IN THE SUPREME COURT OF BANGLADESH

  HIGH COURT DIVISION

       (CIVIL REVISIONAL JURISDICTION)

Civil Revision No. 1633 of 2024

In the matter of:

Ruhul Amin and others.

...Petitioners.

-Vs-

Md. Mamudali Sheikh being dead his legal heirs; 1.  Md. Masud Ali Sheikh and others.

....Opposite parties.


  Present

         Mr. Justice Mamnoon Rahman


Mr. Md. Nurul Amin, Sr. Adv. with

Mr. Md. Mohammad Mozibur Rahman, Adv. Mr. Tanveer Awal, Adv.

…For the petitioners.

Mr.
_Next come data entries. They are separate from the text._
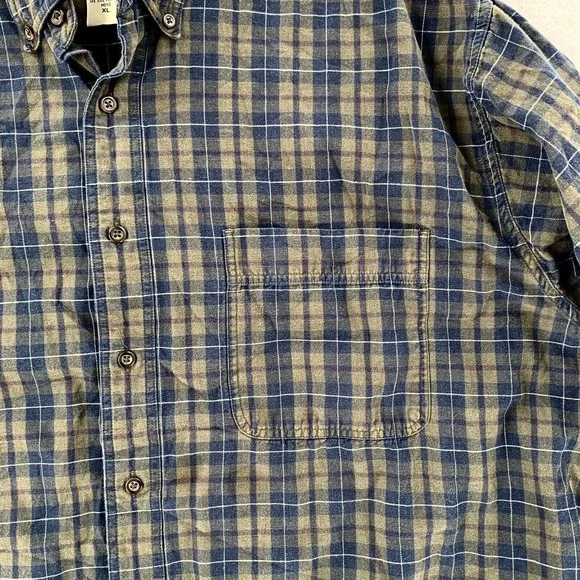 Eddie Bauer Blue Brown Plaid Flannel Long‎ Sleeve Shirt Mens XL - Picture 4 of 8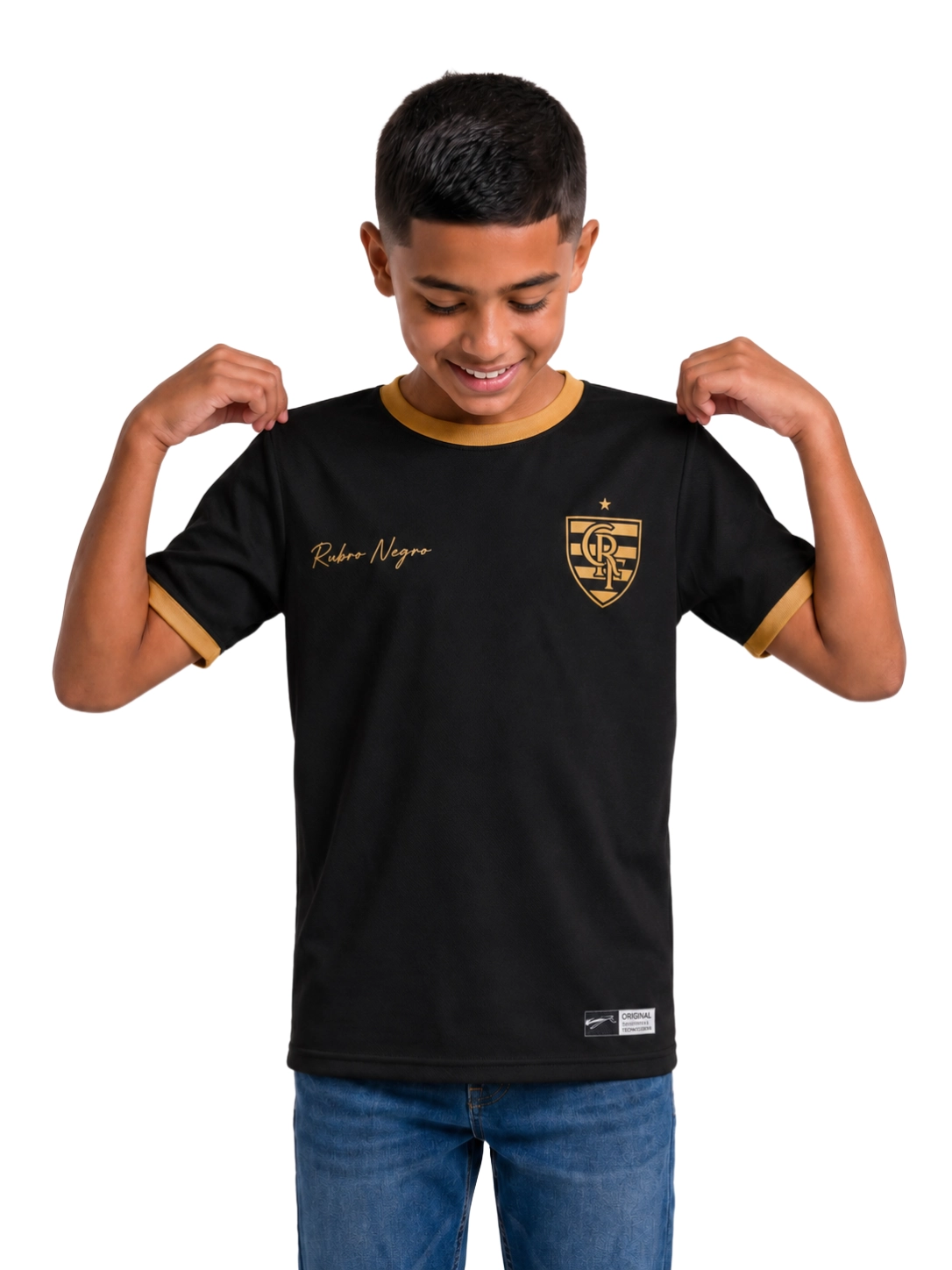 Camisa Infantil Rubro Negro Casual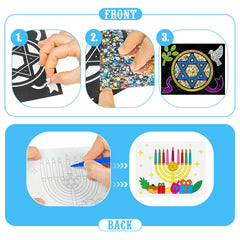 Cinrobiye dual-sided cards with foil fronts and coloring backs for versatile activities.
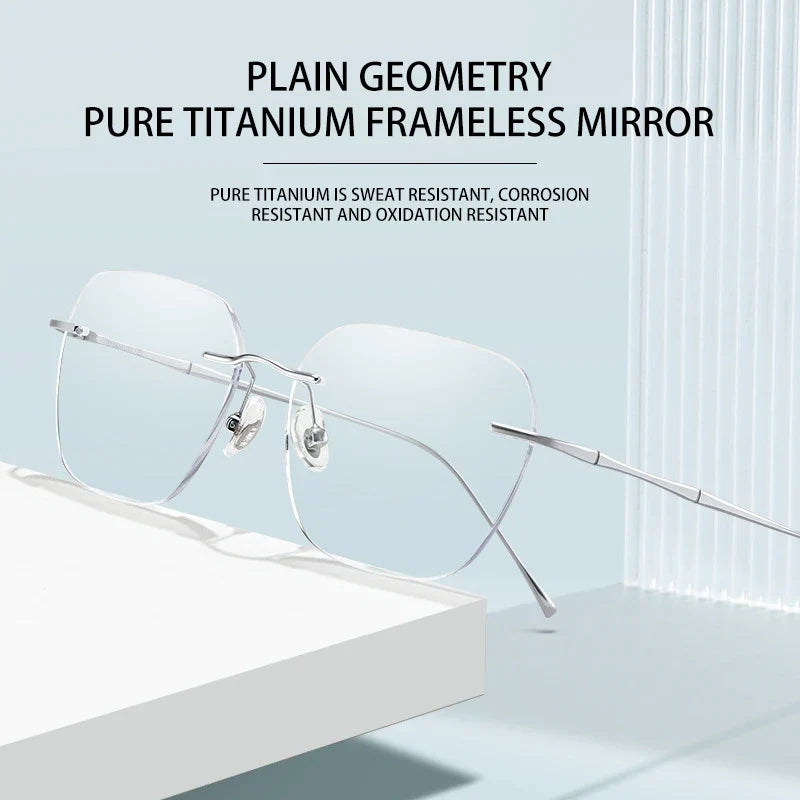 Ultra-light Titanium Rimless Myopia Frames Unisex Simple Square Read Frames Glasses Customized Prescription Glasses F0623
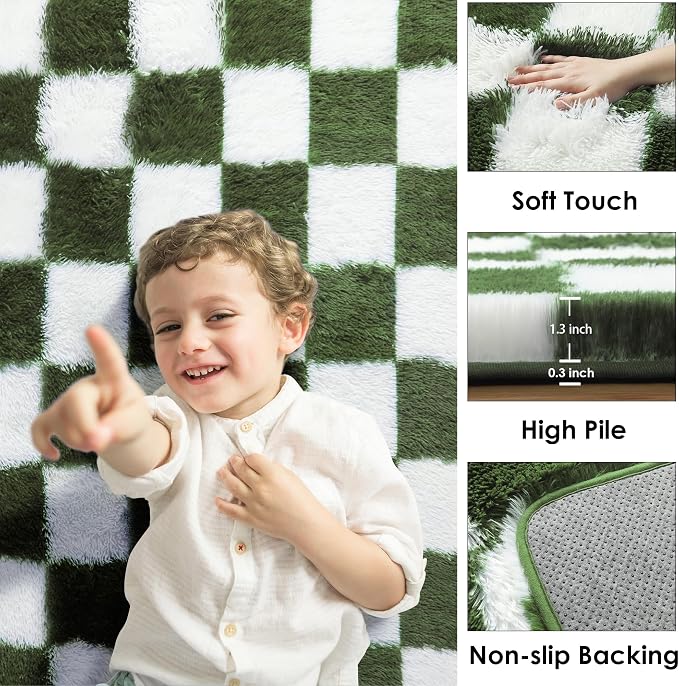 KICMOR 8x10 Area Rugs for Living Room, Large Soft Fluffy Checkered Big Fuzzy Shag Shaggy Bedroom Carpet, Olive Green and White Plush Floor Rug for Kids Boys Girls Dorm Nursery Home Decor Aesthetic
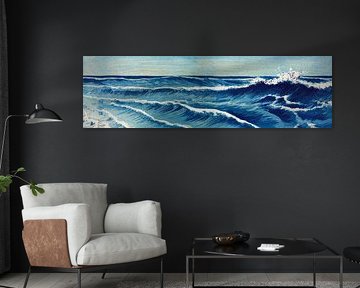 Japanse kunst ukiyo-e. Golven van de oceaan door Uehara Konen van Dina Dankers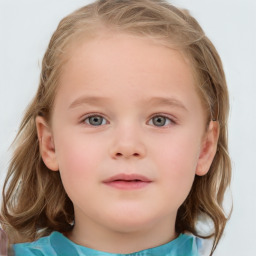 Neutral white child female with medium  brown hair and grey eyes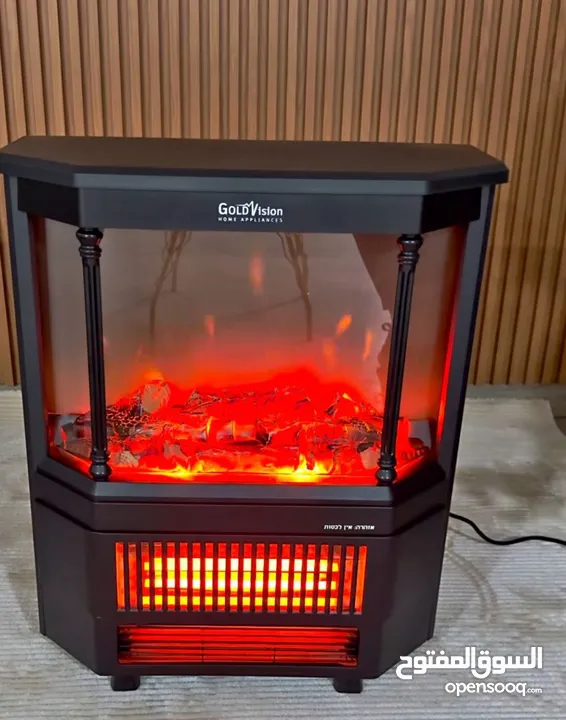 صوبة فايربليس ديكورية فاخرة قوة 2000 واط لتدفئة عالية جداً 3 أعمدة + هيتر هواء ساخن
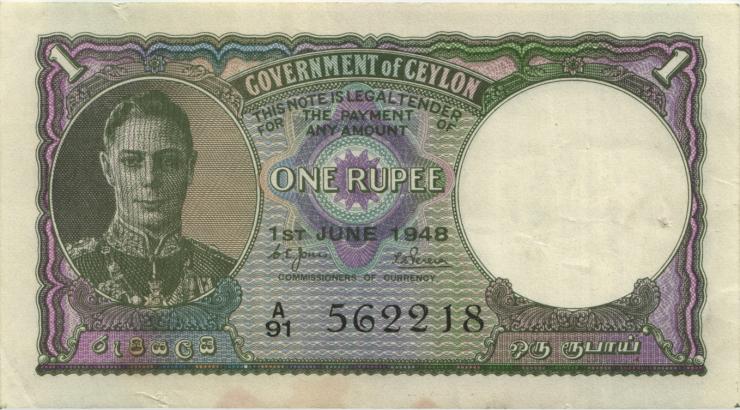 Ceylon P.34 1 Rupie 1.6.1948 (3+) 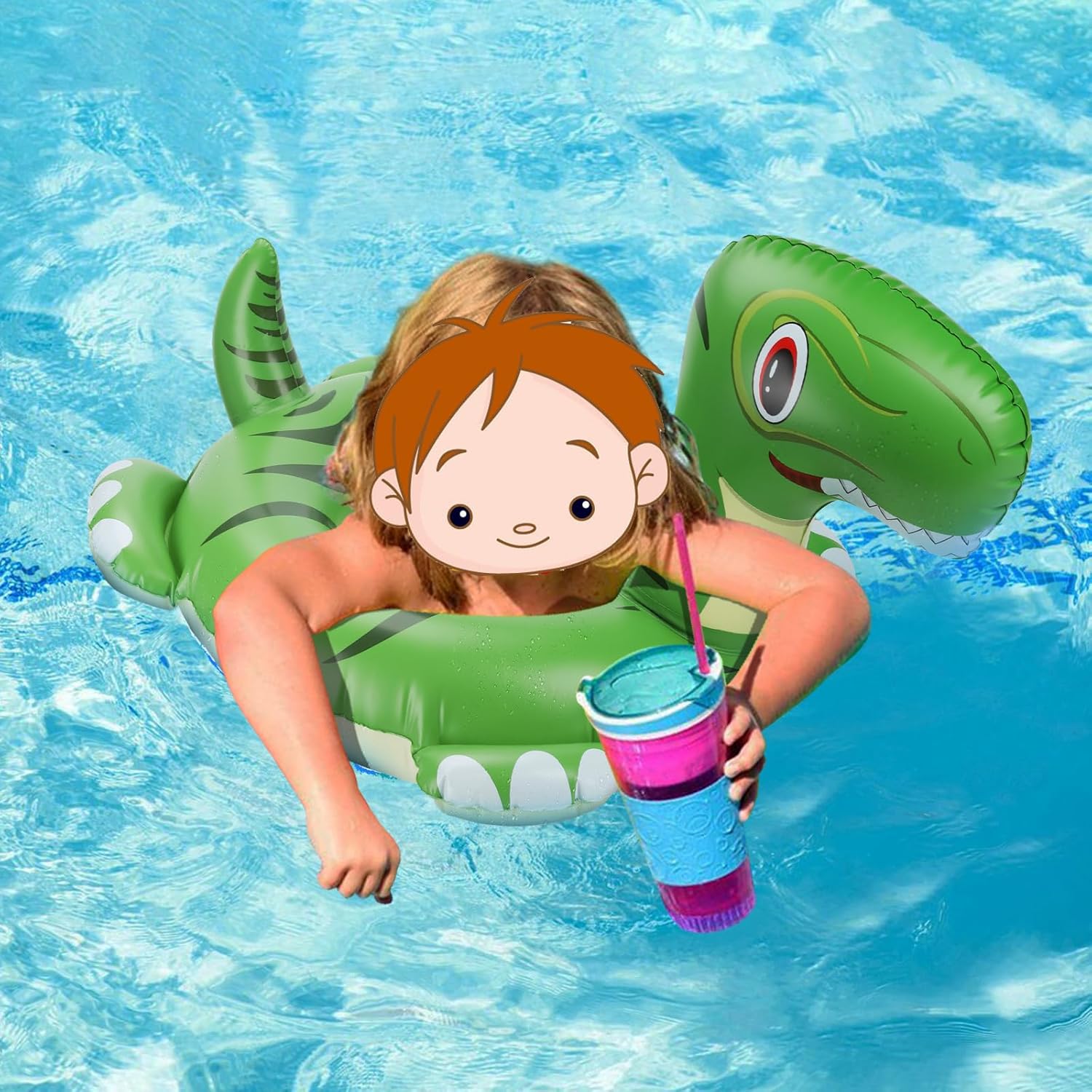 Inflatable Dinosaur Pool Floats for Kids Ages 3-6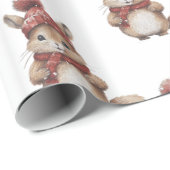 Cadeau Papier d'enveloppement de Noël d'écureuil (Coin rond)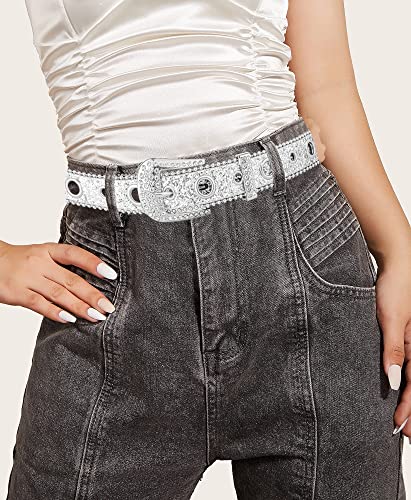 Glitter-Rhinestone-Western-Cowboy Belt for Women-Bling-Studded Belts With Silver Buckle for Jeans Fit for 27"-39"2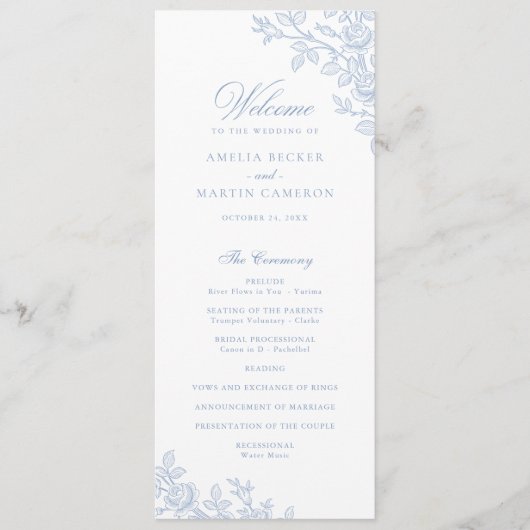 Eleganter Vintage-Blumenrahmen Staubblau-Hochzeit Programm (Vorderseite)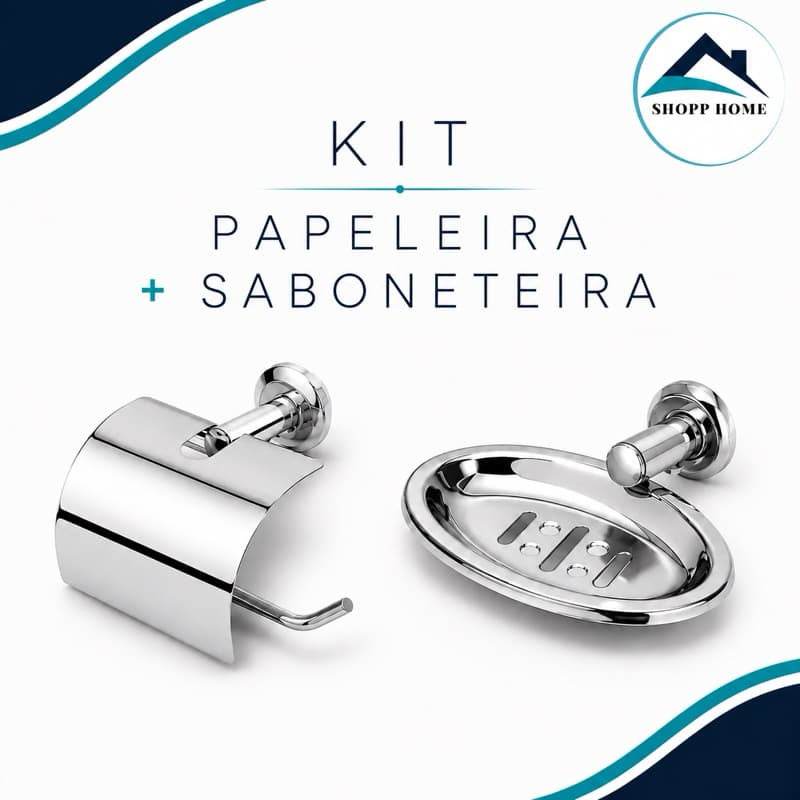 Kit Banheiro Papeleira e Saboneteira Aço Inox – Elegância e Resistência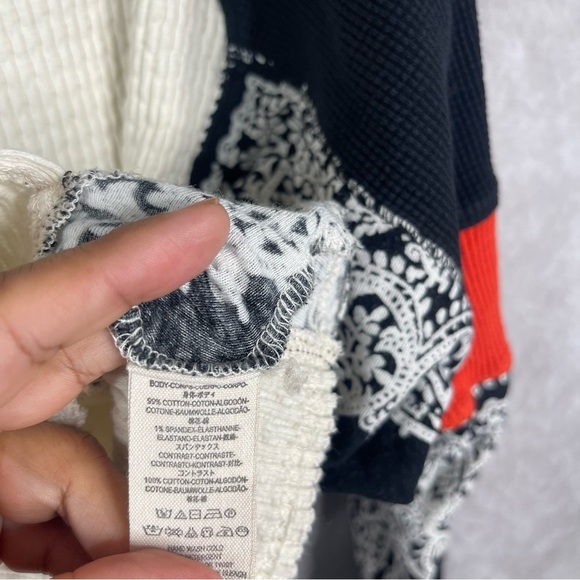 Free People Josie Patterned Mixed Knit Textured Cable Trim Top In Multi Size XS - Picture 5 of 7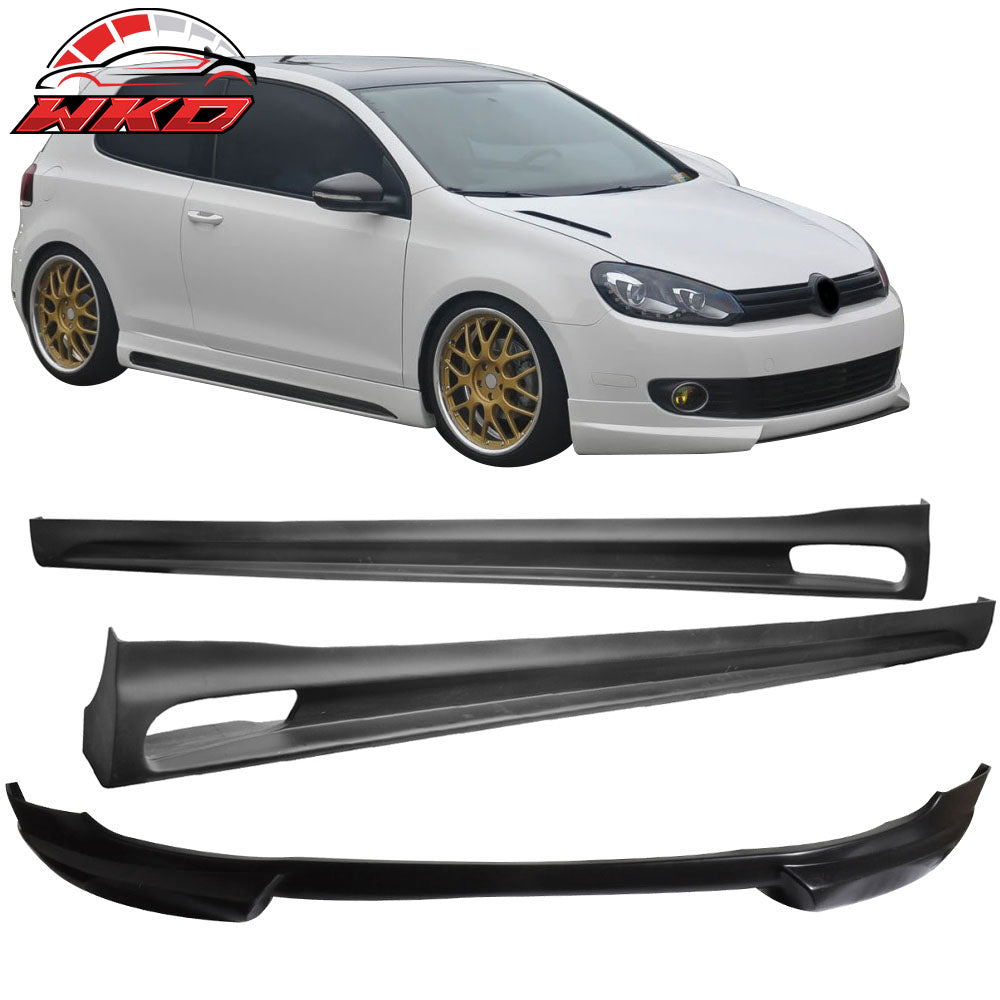 Fits 10-14 Volkswagen VW Golf RG Style Front Bumper Lip + 2PCS Side Skirts PU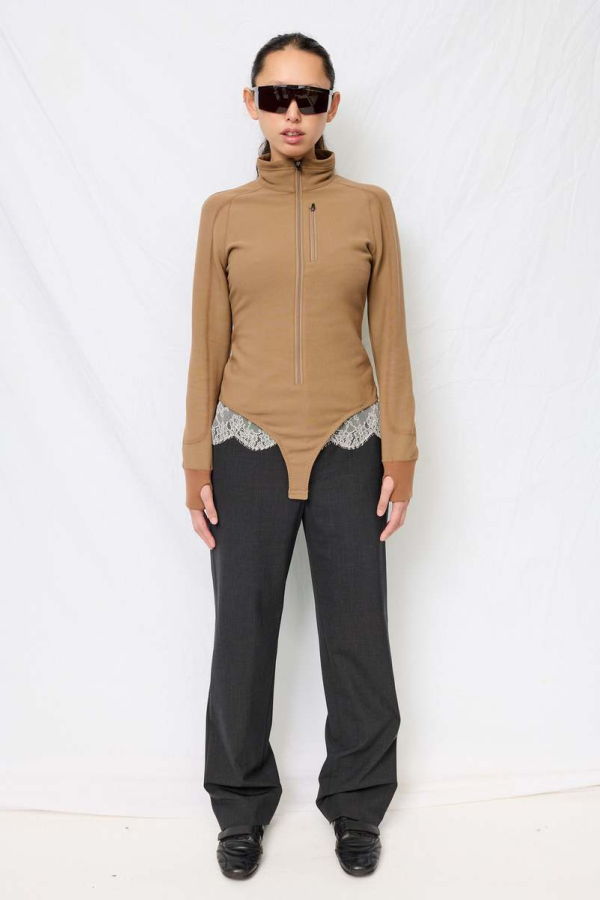 Fumika Uchida French Terry Half-Zip Bodysuit - Mocha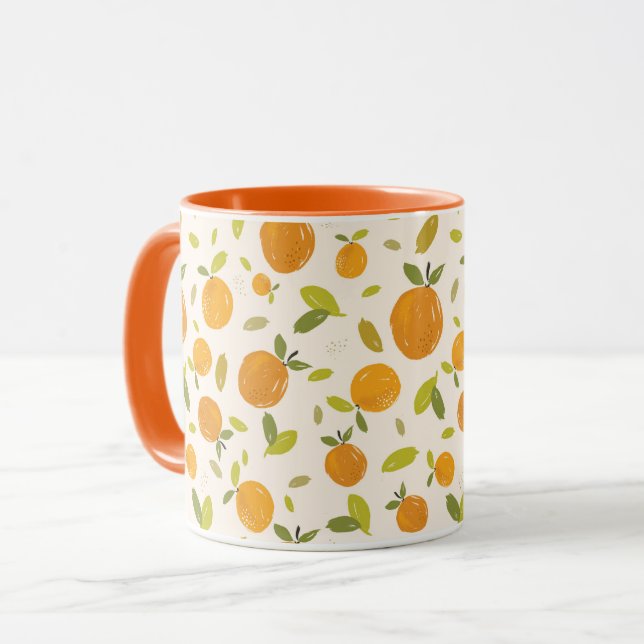 Cute Peach Fruit Pattern Mug (Front Left)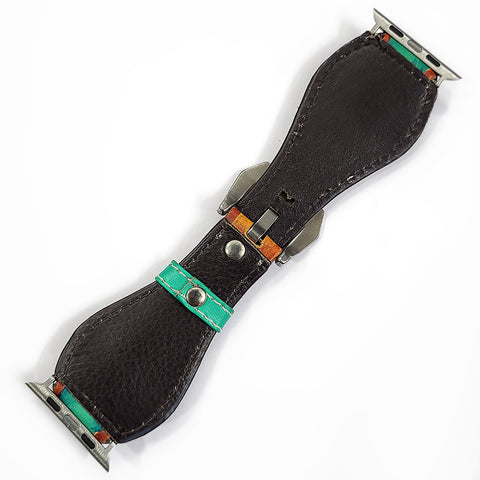 American Darling Hand Painted Leather I Watch strap - Western Cactus Series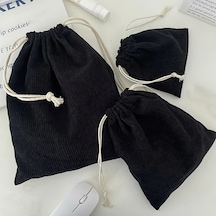 Elmpaly Siyah 3 Adet Kadife Drawstring Saklama Çantası Seyahat Kozmetik Düzenleyici Siyah
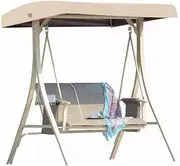 SUIOPPYUW Top Cover Replacement for Garden Swing Seat 210D Oxford Cloth Patio Swing Top Cover with 4 Reinforced Corner, B, 191 * 120 * 20CM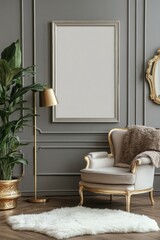 Elegant living room with armchair, gold lamp, and blank frame.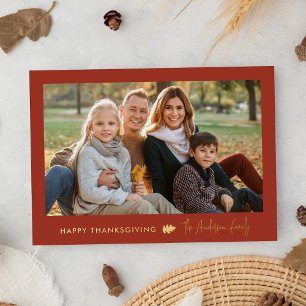 Minimalist Rust Red and Gold Thanksgiving 2 Photo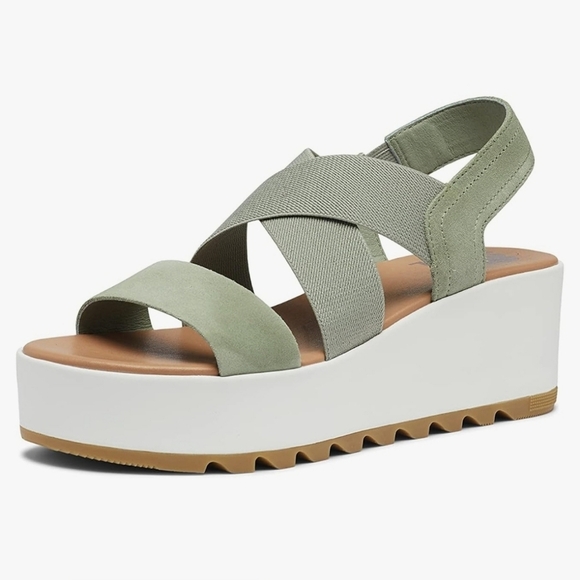 SOREL Cameron Flatform Slingback Suede/Fabric Sandals-Chrome Grey/Chalk Size 8 - Picture 2 of 13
Zaman Akter, Adv.

…For the opposite party Nos. 1-13.


1

Heard on: 20.01.2025, 21.01.2025 & 17.02.2025 And

Judgment on: The 26th February, 2025

Rule was issued calling upon the opposite party Nos. 1-13 to show cause as to why the impugned judgment and order dated 27.04.2022 passed by the learned District Judge, Kushtia in Civil Revision No. 37 of 2019 dismissing the civil revision and thereby affirming the judgment and order dated 12.09.2019 passed by the learned Joint District Judge, 1st court, Kushtia in Title Suit No. 37 of 2013 rejecting the application under Order 7 Rule 11 of the Civil Procedure Code, should not be set aside and/or pass such other or further order or orders as to this court may seem fit and proper.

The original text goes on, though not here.